Cairo thrashes New York for late-night flirting. Who’d a thought?

In case you missed it this week, online dating site Badoo found that the Egyptian capital tops the world as most nocturnal city with the latest night logons for chatting and flirting on its website.

The Sex in the City capital, New York, was caught snoozing and therefore losing, coming in at a rather poor 32nd out of the 180 cities Badoo operates in. London came in 17th and Paris 18th. The naughtiest European city was Malaga, with six Spanish cities in the top 10 hotspots.

Cairo, a city I once heard described as not so much a city that never sleeps, but a city that sleeps in shifts, sees its flirt and chat activity peak at 00.45am.

Badoo’s 10 Most 24-hour cities
1. Cairo (Egypt)
2. Montevideo (Uruguay)
3. Beirut (Lebanon)
4. Malaga (Spain)
5. Zaragoza (Spain)
6. Madrid (Spain)
7. Barcelona (Spain)
8. Valencia (Spain)
9. Seville (Spain)
10. Buenos Aires (Argentina)

Upper West Side comes to Melbourne

It’s a sign of Australia’s enduring cultural cringe that Melbourne now apparently has an Upper West Side. Thank you, New York City, for helping us find new names for our city streets. 

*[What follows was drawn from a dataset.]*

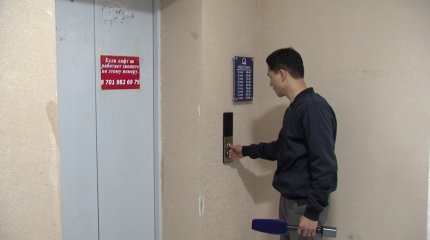 Елордадағы көпқабатты үйдің жедел сатысы дұрыс жұмыс істемей, ішінде балалар қалып қойды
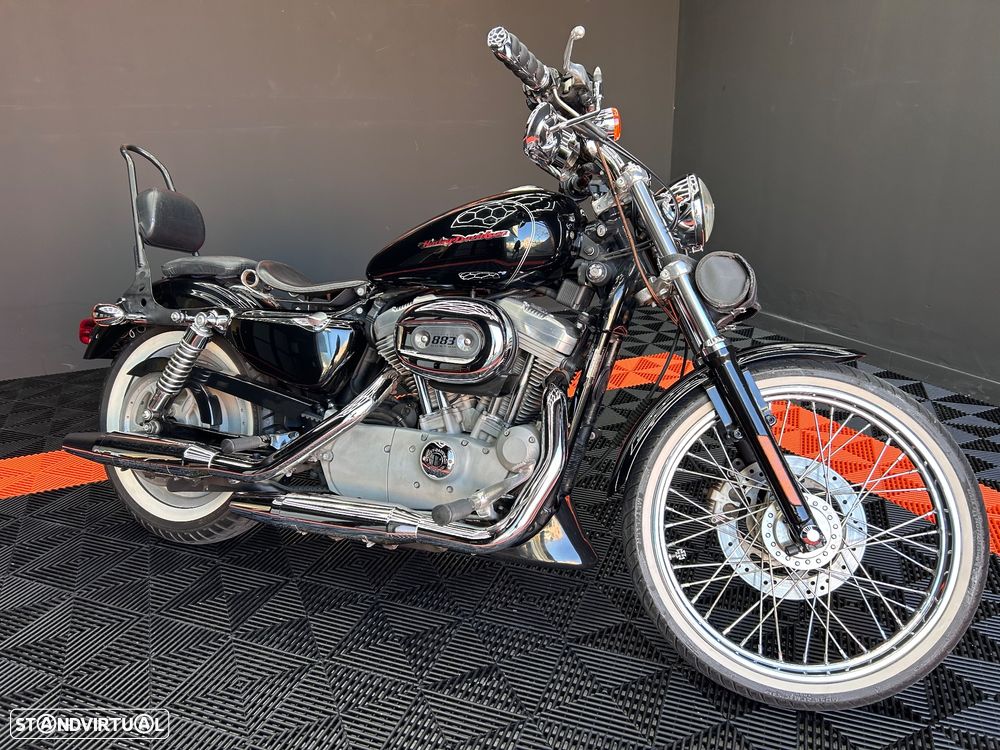 Harley-Davidson 883 - 4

There’s always been that joke about ‘the Paris end of Collins St’, then there’s the Greek Quarter, Chinatown and the Spanish strip of tapas bars in Fitzroy. Let’s reclaim the streets: create our own Boganville, perhaps Gillard Grove, or Tonytown. Thank god for ACDC Lane, a shining light in the culturally confused wilderness.

Unfortunately, Melbourne’s Upper West Side is more mongrel than Manhattan. At the moment, our homegrown UWS is a scuzzy collection of building sites in the no-man’s-land around Spencer St, perilously close to the so-called gentlemen’s clubs (frequented by anything but gentlemen).

You can have your own slice of paradise for $342,000 for a one-bedroom apartment. Bargain of the century. I wonder how much it’d cost in NYC?